14/12 We return to Chiang Mai, where Su attends an off-road training course. She does very well and is surprised by her own achievement, but pays a price: she almost can't walk down any stairs for the next two and a half days. As the saying goes: "No pain, no gain." The third buyer of Su's car also can't find the money, as does the 4th. The 5th is a lady known to her family, so Su trusts her and does her a special deal, so she doesn't have to find a lot of money up-front. Su travels by train back to Ayutthaya to finalise the deal and hand over the car and the keys. Let's hope her trust is not misplaced. Thailand has just changed the visa rules again, so I now have to get a new visa, or I can only stay 15 days the next time, not really enough to appreciate the South.

Nop used to race enduro, but said that in Thailand it's too easy. 
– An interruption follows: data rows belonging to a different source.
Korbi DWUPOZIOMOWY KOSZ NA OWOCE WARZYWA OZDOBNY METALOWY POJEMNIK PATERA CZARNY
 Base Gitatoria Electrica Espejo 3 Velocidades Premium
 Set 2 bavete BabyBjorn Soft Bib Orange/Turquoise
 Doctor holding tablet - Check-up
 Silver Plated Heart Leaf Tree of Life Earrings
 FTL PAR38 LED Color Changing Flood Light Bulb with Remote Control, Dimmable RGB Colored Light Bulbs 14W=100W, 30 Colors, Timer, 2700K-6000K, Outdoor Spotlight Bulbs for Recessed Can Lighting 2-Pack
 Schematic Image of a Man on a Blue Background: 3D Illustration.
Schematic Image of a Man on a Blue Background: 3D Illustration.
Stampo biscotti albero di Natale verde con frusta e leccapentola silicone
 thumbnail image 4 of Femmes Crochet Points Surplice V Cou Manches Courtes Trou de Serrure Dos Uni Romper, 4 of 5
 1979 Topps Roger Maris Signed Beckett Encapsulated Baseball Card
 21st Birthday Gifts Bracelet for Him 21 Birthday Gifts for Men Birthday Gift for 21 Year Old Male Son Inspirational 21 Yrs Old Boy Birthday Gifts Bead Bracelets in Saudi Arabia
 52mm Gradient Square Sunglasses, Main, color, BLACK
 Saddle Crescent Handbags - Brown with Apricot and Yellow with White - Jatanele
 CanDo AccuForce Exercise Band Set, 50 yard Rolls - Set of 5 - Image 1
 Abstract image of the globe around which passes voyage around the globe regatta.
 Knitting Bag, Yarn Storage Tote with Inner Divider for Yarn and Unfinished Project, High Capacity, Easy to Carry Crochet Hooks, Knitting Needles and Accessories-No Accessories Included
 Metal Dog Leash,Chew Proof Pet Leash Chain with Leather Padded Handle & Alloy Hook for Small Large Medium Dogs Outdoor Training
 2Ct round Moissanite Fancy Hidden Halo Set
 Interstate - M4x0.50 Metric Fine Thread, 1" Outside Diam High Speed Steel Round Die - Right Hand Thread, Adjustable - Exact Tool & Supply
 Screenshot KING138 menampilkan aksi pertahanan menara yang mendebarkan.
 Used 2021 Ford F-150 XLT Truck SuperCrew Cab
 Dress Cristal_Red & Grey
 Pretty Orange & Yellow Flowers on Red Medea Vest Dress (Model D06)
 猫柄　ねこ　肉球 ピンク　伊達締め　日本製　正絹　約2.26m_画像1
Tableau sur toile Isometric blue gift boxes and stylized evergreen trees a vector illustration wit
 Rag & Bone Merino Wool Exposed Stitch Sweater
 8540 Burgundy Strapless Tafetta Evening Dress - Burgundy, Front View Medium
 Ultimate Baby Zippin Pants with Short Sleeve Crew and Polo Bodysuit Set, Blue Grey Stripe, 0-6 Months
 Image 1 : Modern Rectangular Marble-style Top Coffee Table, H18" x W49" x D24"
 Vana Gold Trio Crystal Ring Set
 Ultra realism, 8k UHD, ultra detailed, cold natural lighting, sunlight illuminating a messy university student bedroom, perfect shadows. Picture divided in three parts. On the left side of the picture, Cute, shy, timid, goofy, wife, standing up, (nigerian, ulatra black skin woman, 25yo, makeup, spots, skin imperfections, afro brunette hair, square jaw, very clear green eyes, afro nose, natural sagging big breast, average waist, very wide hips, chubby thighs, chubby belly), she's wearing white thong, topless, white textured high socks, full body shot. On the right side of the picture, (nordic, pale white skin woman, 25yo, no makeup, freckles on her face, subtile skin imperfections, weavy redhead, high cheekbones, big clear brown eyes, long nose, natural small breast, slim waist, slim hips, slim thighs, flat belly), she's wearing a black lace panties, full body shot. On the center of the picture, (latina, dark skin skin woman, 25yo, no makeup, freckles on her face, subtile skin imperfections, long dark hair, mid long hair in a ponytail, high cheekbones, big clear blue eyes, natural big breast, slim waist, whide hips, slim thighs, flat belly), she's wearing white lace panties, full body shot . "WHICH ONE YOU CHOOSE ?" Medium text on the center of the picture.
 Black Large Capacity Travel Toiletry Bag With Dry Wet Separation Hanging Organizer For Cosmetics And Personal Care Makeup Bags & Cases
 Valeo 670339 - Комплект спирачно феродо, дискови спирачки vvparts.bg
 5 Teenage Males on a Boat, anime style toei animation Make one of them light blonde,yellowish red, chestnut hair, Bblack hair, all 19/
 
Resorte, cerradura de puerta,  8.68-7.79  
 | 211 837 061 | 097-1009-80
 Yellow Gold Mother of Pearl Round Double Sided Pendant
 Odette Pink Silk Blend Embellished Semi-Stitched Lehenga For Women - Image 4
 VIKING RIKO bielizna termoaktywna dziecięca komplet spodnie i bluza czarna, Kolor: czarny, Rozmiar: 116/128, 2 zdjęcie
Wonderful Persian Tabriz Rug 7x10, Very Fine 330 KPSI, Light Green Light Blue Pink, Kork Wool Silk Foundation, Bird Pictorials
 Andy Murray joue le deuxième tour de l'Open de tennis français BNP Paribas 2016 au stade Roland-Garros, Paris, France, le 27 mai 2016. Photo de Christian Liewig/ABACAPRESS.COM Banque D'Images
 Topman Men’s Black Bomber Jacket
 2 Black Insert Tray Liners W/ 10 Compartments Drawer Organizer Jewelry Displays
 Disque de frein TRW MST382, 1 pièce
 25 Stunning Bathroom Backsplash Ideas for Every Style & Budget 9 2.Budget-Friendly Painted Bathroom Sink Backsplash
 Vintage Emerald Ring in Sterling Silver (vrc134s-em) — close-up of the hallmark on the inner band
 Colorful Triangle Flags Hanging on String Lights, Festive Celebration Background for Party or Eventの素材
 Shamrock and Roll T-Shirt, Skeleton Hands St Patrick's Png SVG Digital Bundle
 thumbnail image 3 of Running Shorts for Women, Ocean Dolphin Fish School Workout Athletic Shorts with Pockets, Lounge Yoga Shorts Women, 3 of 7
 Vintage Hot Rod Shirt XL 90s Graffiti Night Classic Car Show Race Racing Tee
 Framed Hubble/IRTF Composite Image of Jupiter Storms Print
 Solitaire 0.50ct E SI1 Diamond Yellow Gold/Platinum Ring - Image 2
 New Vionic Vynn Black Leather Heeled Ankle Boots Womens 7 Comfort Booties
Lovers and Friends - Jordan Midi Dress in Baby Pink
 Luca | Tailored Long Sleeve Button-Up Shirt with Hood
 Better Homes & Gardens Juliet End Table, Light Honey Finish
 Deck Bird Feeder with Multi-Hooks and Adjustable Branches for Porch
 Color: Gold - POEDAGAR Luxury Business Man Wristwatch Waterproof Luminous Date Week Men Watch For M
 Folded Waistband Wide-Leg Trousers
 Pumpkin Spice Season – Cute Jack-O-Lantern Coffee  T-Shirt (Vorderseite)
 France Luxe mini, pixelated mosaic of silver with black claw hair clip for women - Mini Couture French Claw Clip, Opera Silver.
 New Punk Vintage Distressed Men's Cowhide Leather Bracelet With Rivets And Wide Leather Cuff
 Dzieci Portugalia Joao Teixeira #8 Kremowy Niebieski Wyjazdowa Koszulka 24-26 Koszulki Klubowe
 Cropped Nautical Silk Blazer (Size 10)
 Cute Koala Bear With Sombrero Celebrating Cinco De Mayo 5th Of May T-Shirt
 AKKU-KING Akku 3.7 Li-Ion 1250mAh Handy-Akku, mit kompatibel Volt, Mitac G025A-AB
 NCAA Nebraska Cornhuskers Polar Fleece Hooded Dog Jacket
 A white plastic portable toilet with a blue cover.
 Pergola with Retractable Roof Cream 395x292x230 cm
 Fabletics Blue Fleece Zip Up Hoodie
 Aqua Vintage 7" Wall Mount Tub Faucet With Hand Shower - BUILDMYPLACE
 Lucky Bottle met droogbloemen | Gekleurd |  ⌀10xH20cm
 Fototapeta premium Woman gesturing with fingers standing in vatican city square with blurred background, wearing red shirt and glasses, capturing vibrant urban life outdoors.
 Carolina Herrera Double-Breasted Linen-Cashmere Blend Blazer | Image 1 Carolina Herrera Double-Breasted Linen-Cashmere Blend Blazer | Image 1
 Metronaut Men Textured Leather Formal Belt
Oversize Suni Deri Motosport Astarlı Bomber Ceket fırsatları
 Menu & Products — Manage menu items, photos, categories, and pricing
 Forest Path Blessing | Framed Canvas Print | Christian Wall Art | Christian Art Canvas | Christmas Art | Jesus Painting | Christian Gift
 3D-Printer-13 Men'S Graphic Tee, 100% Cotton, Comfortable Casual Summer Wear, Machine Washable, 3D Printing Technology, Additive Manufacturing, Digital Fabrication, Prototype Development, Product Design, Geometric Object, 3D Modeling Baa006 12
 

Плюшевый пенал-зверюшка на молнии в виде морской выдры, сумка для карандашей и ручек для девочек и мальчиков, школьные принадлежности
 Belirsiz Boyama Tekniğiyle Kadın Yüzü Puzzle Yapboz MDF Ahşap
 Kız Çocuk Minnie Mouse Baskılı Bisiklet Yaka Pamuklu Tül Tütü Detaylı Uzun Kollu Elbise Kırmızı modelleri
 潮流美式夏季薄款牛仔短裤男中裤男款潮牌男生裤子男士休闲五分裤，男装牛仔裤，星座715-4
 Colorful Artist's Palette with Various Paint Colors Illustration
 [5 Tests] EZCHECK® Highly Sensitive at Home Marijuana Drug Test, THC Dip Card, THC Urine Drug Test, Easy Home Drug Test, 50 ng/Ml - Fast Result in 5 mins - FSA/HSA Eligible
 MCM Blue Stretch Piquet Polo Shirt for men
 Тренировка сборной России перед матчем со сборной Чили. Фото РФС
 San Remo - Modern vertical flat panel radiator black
 Escape into the greenery. 

We make a little excursion to a reservoir nearby. 

 

 

 

 

 

 

 

 

 

 

Another Thai highway meets an untimely end.

15/12 We head NE towards the Lao border and end up near Phu Chi Fa, a cliff overlooking Laos and hence popular with Thai tourists, although in the middle of the week there aren't that many. We walk to the top just after sunset and the view is not bad, although it's a little hazy, as usual, so the view isn't as spectacular as it would be on a clear day. I don't know whether they get that many clear days in Thailand... 

 

 

 

 

 

 

16/12 We pass on a sunrise ascent of Phu Chi Fa. There isn't much of a sunrise anyway, as it's quite cloudy today and lousy cold. We do stop at Doi Pha Tang instead and admire the mist in the valleys below in Laos. After that the road gets quite bad in places, with one bridge gone and another bridged with a bailey bridge on top. It's a very nice ride anyway with nice hill scenery and we descend down to the Mekong, then proceed to Chiang Khong for the border crossing. Just as we arrive a truck rolls onto a ferry and the ferry leaves. It's early afternoon, so I guess there will be another one. It turns out I am right. My paperwork takes about 5 mins. and I have officially left Thailand. Su, however, has to return into the town to get a temporary export permit from customs. As she gets back another truck rolls onto the next ferry. Su still has to fill in her departure card and get stamped out, so I ask her to go to the ferry to ask them to wait 5 minutes for us. The ferry leaves under our noses. That's a bad omen. Now, what the folks on GT-Rider.com call the "Mekong boat mafia" swings into action. A woman tells us that there are no more car ferries today. This is correct, as we soon find out. But, forpaying only 40% more we can lift our bikes onto a small passenger boat. We decline this generous offer. We get our departure stamps cancelled temporarily and stay the night in town. 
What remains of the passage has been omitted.